Unterbrochen wird dieser Sog ins Hinfällige nur von der grell und lärmend einfallenden König-Marke-Welt mit ihren im Vergleich fast unerträglich gesunden Märschen, Fanfaren und banalen Strophenliedern. Barenboim dirigiert an diesem Abend also auf grandiose Weise eine Musik, die zum Tode verführen möchte. Und dies, nicht der Sex, der nicht stattfindet, ist das eigentliche Skandalon des «Tristan»: das «Furchtbare», das Wagner an ihm wahrnahm und das ihn glauben liess, gute Aufführungen müssten die Zuhörer «verrückt machen». Und genau das hat Tcherniakov inszeniert: einen ganz und gar symbiose- und todessüchtigen Tristan, dem Isolde nur Mittel zum Zweck ist.

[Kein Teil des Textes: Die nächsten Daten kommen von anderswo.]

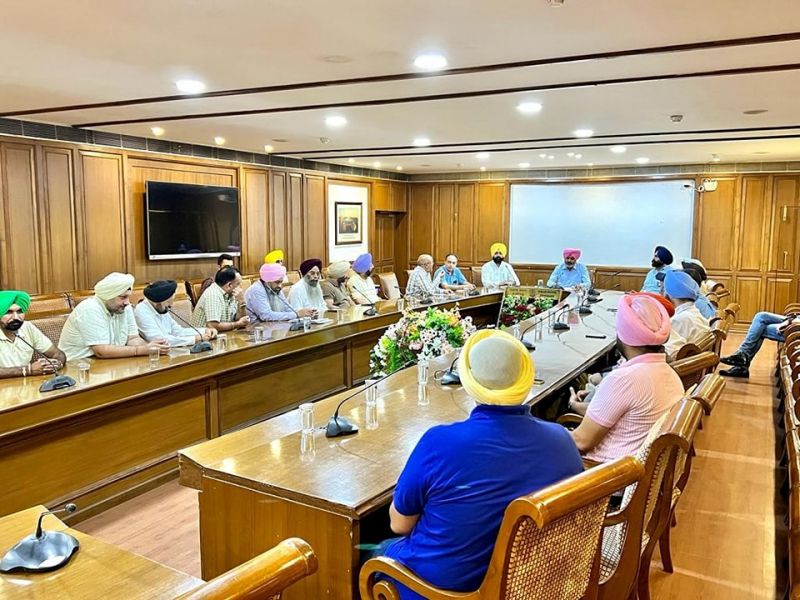 Private bus operators meeting with Finance Minister and Transport Minister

Andreas Schager, der seinen kraftvollen Tenor zugunsten eines vielschichtigen Rollenporträts wunderbar zu modellieren weiss, spielt zunächst einen manipulatorischen Frauenverführer, wie Wagner wohl einer war. Wie er die von Anfang an als innerlich haltlos gezeichnete Isolde in der niedersinkenden Liebesnacht ohne jede Berührung nur durch Hypnose auf sich beziehungsweise auf das Sterben-Wollen einschwört, das hat etwas von einem halbseidenen Zauberkünstler.

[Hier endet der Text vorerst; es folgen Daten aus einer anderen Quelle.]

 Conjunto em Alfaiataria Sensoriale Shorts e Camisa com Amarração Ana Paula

Anja Kampe wirft sich als Isolde mit jugendlich-heroischer Emphase in die Partie, spielt und singt mit umwerfendem Furor und leuchtenden Spitzentönen eine unentwegt ausser sich stehende, sich nach Erdung sehnende und latent medikamentsüchtige Frau. Beide singen vorbildlich textverständlich, wie auch die übrigen Sänger des fabelhaft besetzten Ensembles mit Boaz Daniel als prolligem, aber tonschön singendem Kurwenal, Ekaterina Gubanova als dramatischer Brangäne, Stephan Rügamer als Melot und Stephen Milling als einem – trotz Erkältung – anrührend klagenden König Marke.

Traum und Trauma

Drei sehr heutige Räume hat Tcherniakov als sein eigener Bühnenbildner für die drei Aufzüge entworfen: die holzvertäfelte Kabine eines Oligarchen-Dampfers für den ersten Akt, einen protzenden Jagdsalon für den zweiten und ein grosses Zimmer in einer städtischen Altbauwohnung als jenen Ort der Kindheit, an den der verwundete Tristan im letzten Akt zurückkehrt. Diesen Kindheitsraum hat Tcherniakov aus seiner sonst ganz anders gelagerten Inszenierung von 2005 am Petersburger Mariinsky-Theater quasi herbeizitiert.

Alle psychischen Dämme sind dann gebrochen, alle blasierten Allüren sind dahin, und kein fauler Zauber namens Persönlichkeit kann der nackten Seele mehr Schutz bieten. Der psychotische Tristan wird von den Szenen seiner Kindheit überflutet: der Verlust des Vaters, der Tod der Mutter bei der eigenen Geburt. Vater und Mutter tauchen nun als Fiebervisionen Tristans wieder auf, nachgestellt von zwei Schauspielern. Wenn Isolde eintrifft, liegt Tristan schon tot am Boden. Das Gemetzel zwischen Melot und Kurwenal nach König Markes Ankunft findet auf vollständig dunkler Bühne statt. Isolde singt ihren verklärenden Schlussmonolog in Tristans Hemd gehüllt, zieht sich dann an seine Seite in die Schlafnische des Zimmers zurück – und zieht den Vorhang zu. Jubel, aber auch Buhrufe für einen «Tristan», der sich traumtief in die Erinnerung eingraben wird.